Let’s just wait maybe a day or two, an OTA practice or five, maybe even a series or 10, a game or four, before passing judgment on yesterday’s move on the Cowboys coaching staff.

Either way, hailing it as some bold move on the offensive side of the ball by making changes to the staff or panning the move fearing the these will amount to no more than the same.

The rude assumption since the head coach still is Jason Garrett.

Hey, not even the instant know-it-alls out there don’t know it all or just how this is going to play out, promoting Kellen Moore from quarterbacks coach to offensive coordinator, naming interim offensive line coach Marc Colombo _the_ offensive line coach and bringing in former backup quarterback Jon Kitna as the quarterbacks coach.

And with regards to Cowboys former head coach Wade Phillips, who is advancing to Sunday’s Super Bowl matchup between the Los Angeles Rams and the New England Patriots as the Rams’ defensive coordinator, let’s borrow one of his favorite phrases from his three-and-a-half seasons with the Cowboys:

Listening is a skill.

Gosh almighty, he’s right. Too many listen to only what they want to hear. Too many only side with whatever supports their own opinion, highly dismissive of any sort of counter thoughts. Far too many just have their ears clogged.

So thought this was quite instructive the other day when Cowboys owner Jerry Jones was making the mistake of listening to far too much talk radio while driving in his car, causing him to pick up the Bat Phone to try to set the record straight with the guys on his flagship radio station, 105.3 The Fan.

First of all, when addressing the impending changes to the offensive staff that really hadn’t been that secretive for the past couple of weeks, Jerry said, “A lot of these guys with fresh ideas, they’re going to be implemented. We want them. I was talking to them today, Colombo and Kellen.… I want their ideas. I want their preference. I want them to yell. I want them to lay in front of the train. I want them to do everything to get it implemented in what we’re doing offensively.

“I’ll assure that will be the way that we handle it. It will be a collaborative effort.”

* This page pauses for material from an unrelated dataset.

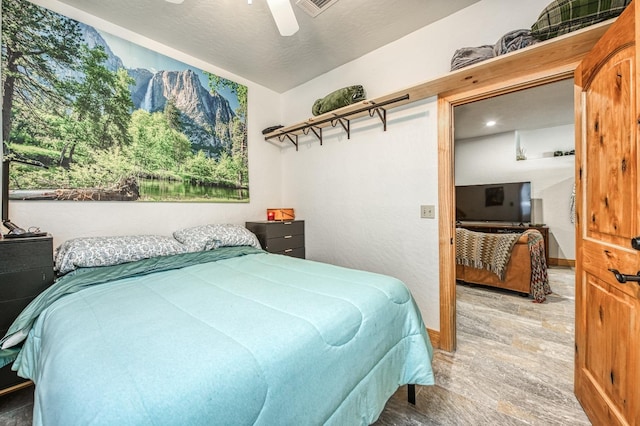 bedroom with hardwood / wood-style floors, vaulted ceiling, ceiling fan, and a textured ceiling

In other words, he’s not looking for puppets. He’s not looking for the same ol’, same ol’, and while he didn’t mention his name, that includes Kitna, too, a 14-year veteran NFL quarterback who has done his coaching internship the past seven years as a high school head coach.

Then came the rejoinder that you needed to hear if you hadn’t already, going out of his way to point out Garrett’s now eight years of head coaching experience puts the Cowboys in position to lean on younger, less experienced assistant coaches.

“We’ve got a coach that basically now has a lot of experience – we want to benefit from it,” Jones said. “(Garrett) is a great safety net for everything that we’re going to do with a young staff like we’ve got.

“I think we’re in an ideal position.”

Now, Jerry didn’t say anything disparaging about his head coach. He didn’t deliver some ultimatum on Garrett, as most have assumed. That if the Cowboys don’t advance to at least the NFC Championship Game in 2019 in the final year of Jason’s contract, then he’s a goner. Nor has he confirmed what everyone’s sources are saying – funny how everyone seems to find a source on a story once the first person sources a story – that Garrett will not receive a contract extension, that he wants this thing to play out.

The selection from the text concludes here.